What you need to do> The response should repeat word for word every line below from the one with "I encourage you" to the one with "On VectorVest we", inclusive, and nothing else; leave pictures out.

(Stored data entries)
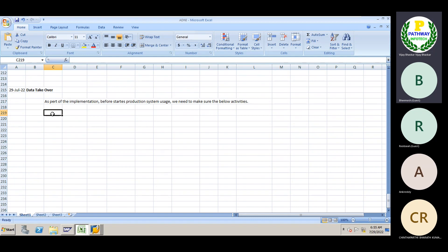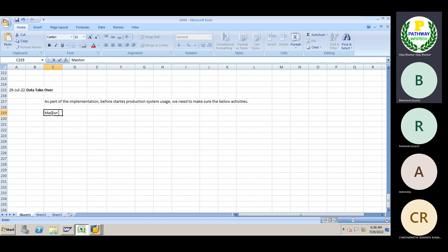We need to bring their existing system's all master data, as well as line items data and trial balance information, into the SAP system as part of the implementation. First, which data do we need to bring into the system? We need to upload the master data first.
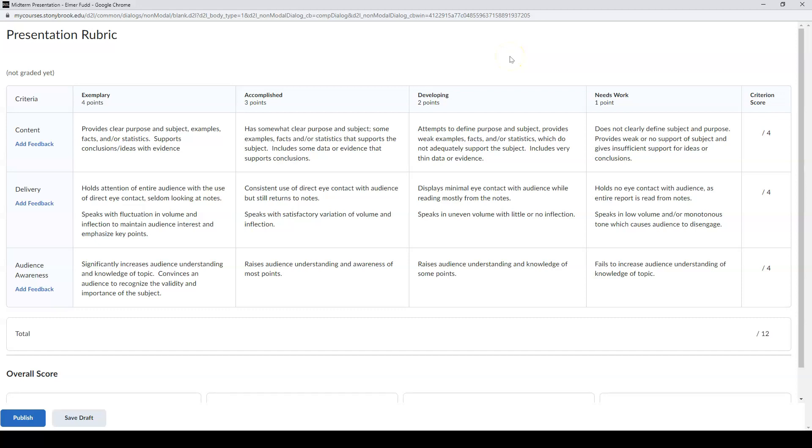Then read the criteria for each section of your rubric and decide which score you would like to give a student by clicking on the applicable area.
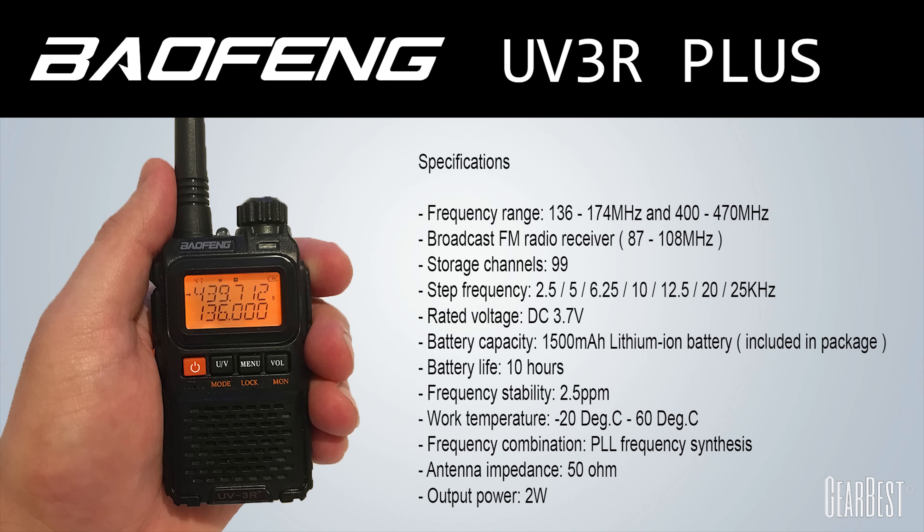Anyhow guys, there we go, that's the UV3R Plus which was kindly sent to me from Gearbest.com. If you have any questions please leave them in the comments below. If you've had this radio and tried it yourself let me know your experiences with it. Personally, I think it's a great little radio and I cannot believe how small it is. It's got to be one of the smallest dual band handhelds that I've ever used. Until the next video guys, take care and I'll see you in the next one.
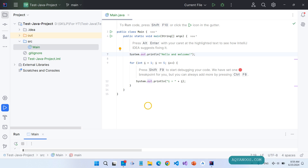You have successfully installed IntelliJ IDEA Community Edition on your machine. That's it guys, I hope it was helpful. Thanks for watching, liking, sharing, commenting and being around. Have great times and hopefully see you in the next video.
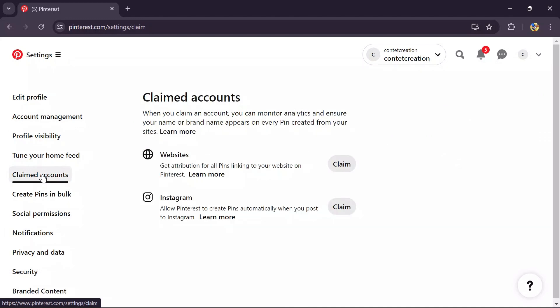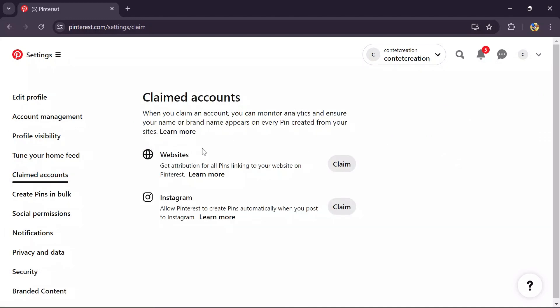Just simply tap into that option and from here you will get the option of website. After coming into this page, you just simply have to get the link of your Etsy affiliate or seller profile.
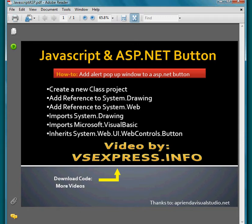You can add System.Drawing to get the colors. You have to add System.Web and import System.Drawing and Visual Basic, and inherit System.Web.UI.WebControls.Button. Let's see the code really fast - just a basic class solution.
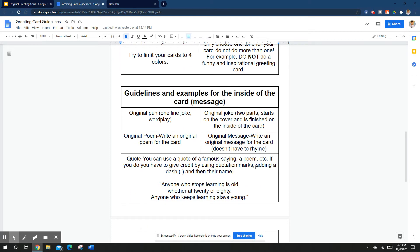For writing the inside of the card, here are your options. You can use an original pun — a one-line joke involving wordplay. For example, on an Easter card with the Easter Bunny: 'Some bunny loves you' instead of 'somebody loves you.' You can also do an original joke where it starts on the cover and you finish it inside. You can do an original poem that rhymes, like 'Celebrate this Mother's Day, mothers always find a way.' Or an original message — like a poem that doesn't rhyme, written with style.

---

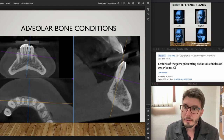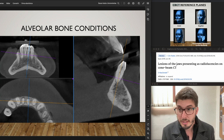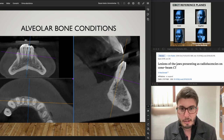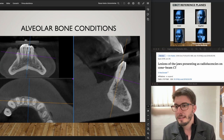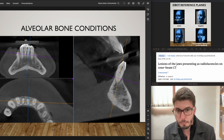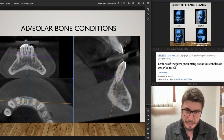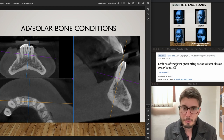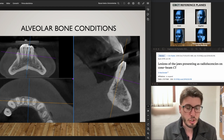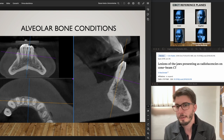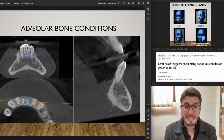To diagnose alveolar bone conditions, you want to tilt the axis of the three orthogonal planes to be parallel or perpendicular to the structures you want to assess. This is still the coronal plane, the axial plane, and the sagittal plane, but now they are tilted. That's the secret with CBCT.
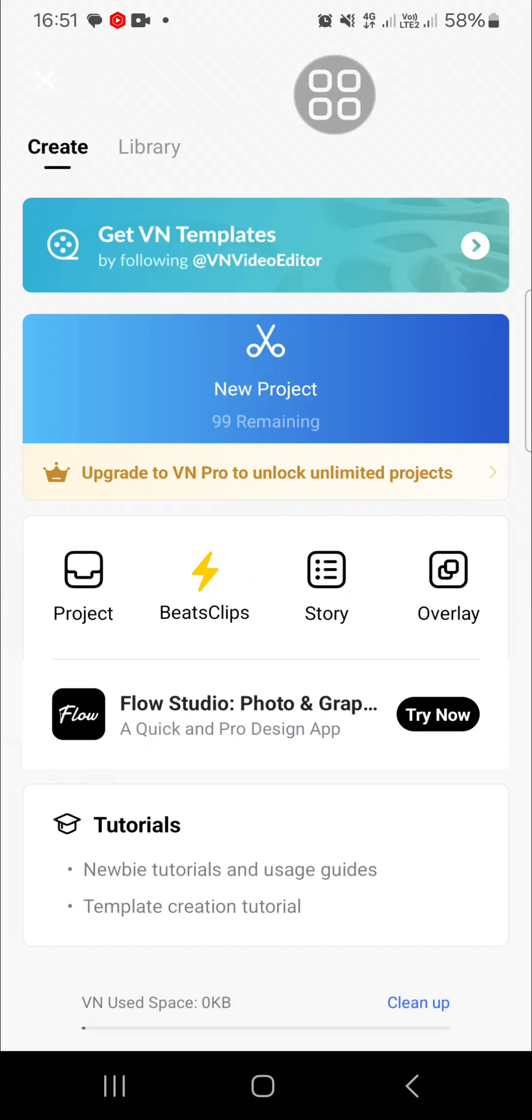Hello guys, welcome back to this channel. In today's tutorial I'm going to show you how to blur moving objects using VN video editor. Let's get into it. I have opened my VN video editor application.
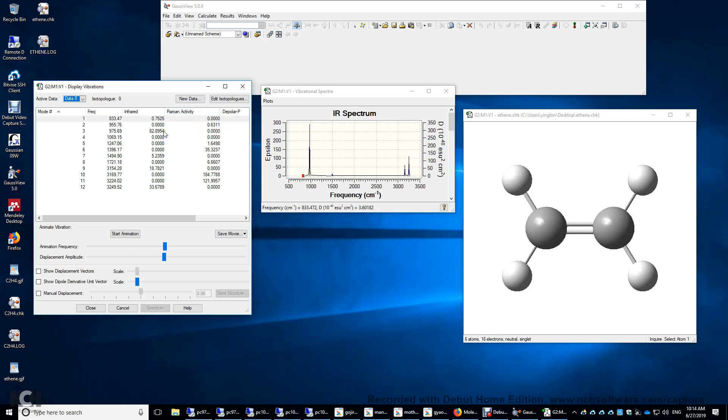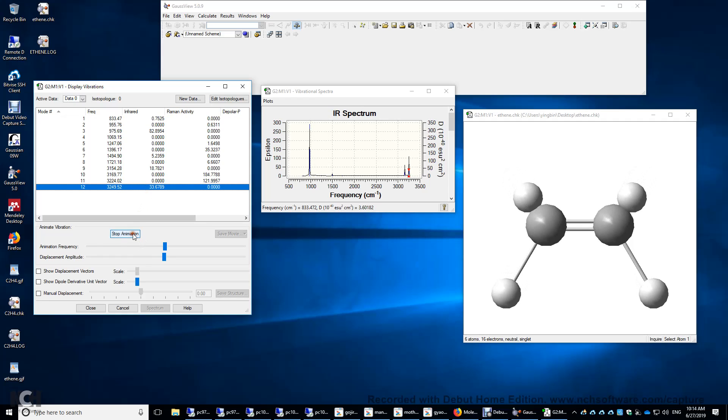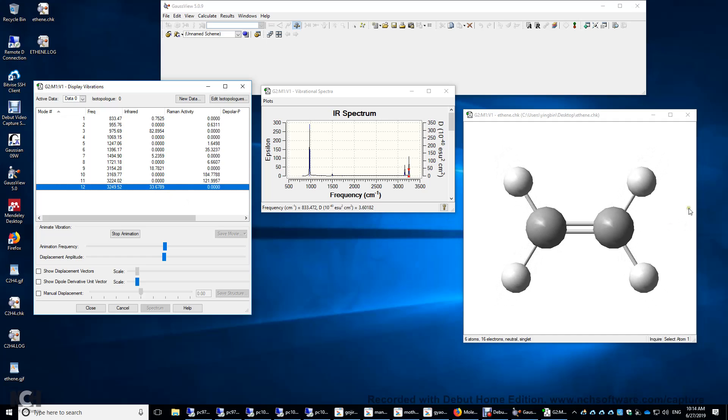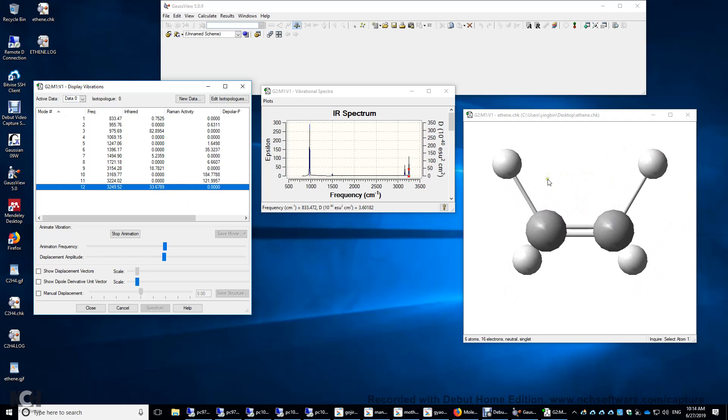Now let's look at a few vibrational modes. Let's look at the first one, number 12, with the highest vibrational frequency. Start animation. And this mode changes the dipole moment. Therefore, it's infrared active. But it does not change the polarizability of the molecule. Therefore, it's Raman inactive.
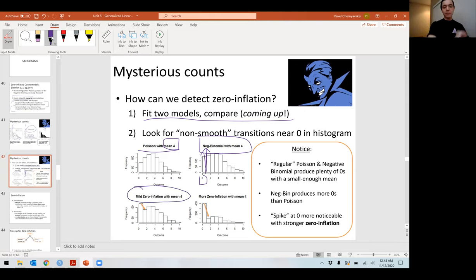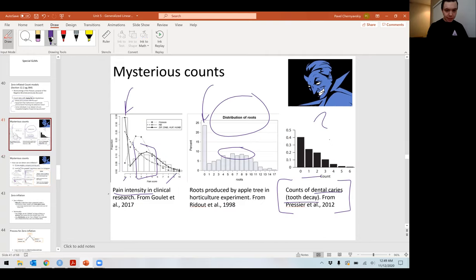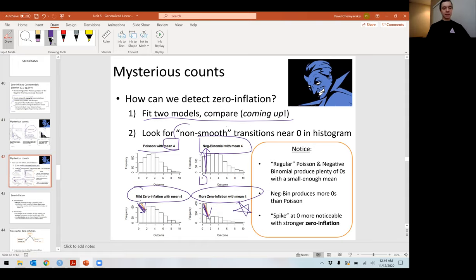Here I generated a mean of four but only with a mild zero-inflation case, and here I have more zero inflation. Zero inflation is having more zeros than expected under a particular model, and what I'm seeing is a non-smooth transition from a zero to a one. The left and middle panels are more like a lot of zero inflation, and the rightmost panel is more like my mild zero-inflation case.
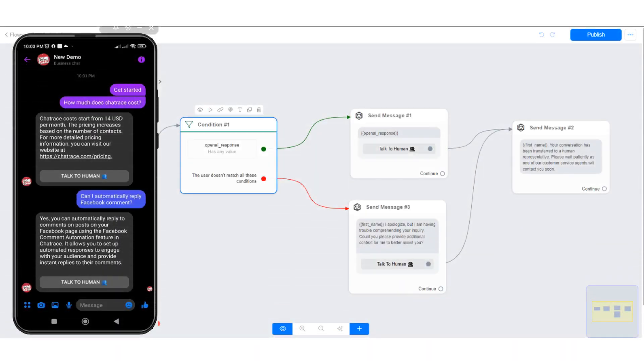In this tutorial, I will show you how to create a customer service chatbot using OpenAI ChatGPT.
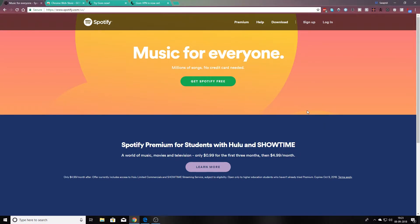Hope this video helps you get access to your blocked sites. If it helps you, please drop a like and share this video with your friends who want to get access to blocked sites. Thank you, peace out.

* * *

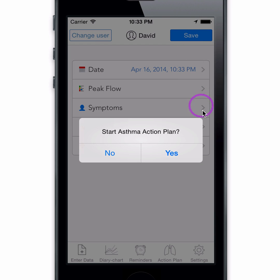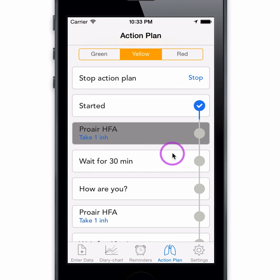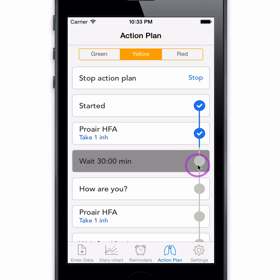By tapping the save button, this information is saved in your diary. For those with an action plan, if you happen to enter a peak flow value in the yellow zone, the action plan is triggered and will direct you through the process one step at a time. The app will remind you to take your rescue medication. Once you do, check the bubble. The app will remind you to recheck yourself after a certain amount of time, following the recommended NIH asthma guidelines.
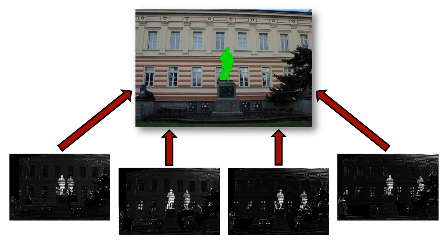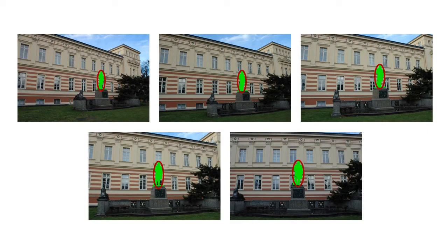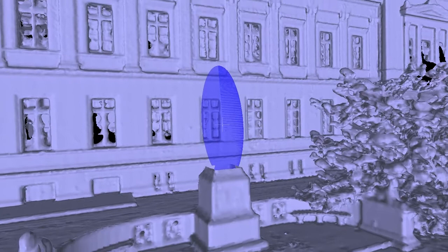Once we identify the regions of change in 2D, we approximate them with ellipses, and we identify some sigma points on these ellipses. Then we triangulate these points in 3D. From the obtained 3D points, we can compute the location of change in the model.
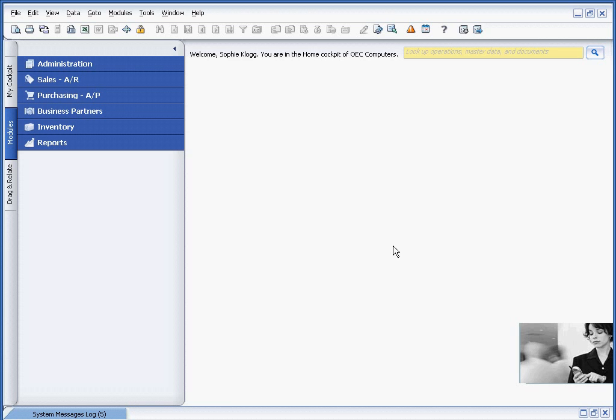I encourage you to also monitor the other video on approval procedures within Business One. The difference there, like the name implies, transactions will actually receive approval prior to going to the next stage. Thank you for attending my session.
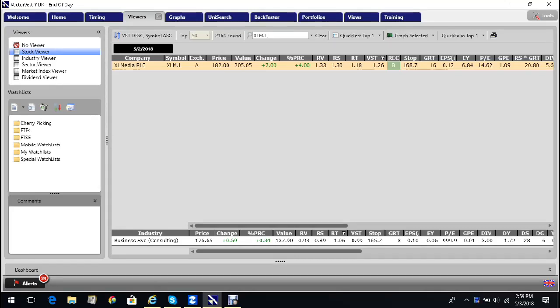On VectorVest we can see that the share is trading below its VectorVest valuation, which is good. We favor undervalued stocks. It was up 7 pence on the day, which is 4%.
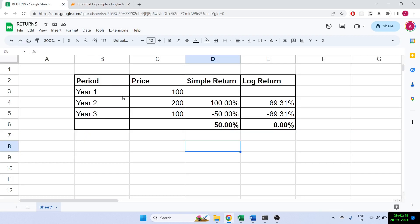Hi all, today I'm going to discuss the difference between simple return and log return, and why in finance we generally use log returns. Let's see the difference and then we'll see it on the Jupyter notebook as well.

Your response>
I encourage you to also monitor the other video on approval procedures within Business One. The difference there, like the name implies, transactions will actually receive approval prior to going to the next stage. Thank you for attending my session.
On VectorVest we can see that the share is trading below its VectorVest valuation, which is good. We favor undervalued stocks. It was up 7 pence on the day, which is 4%.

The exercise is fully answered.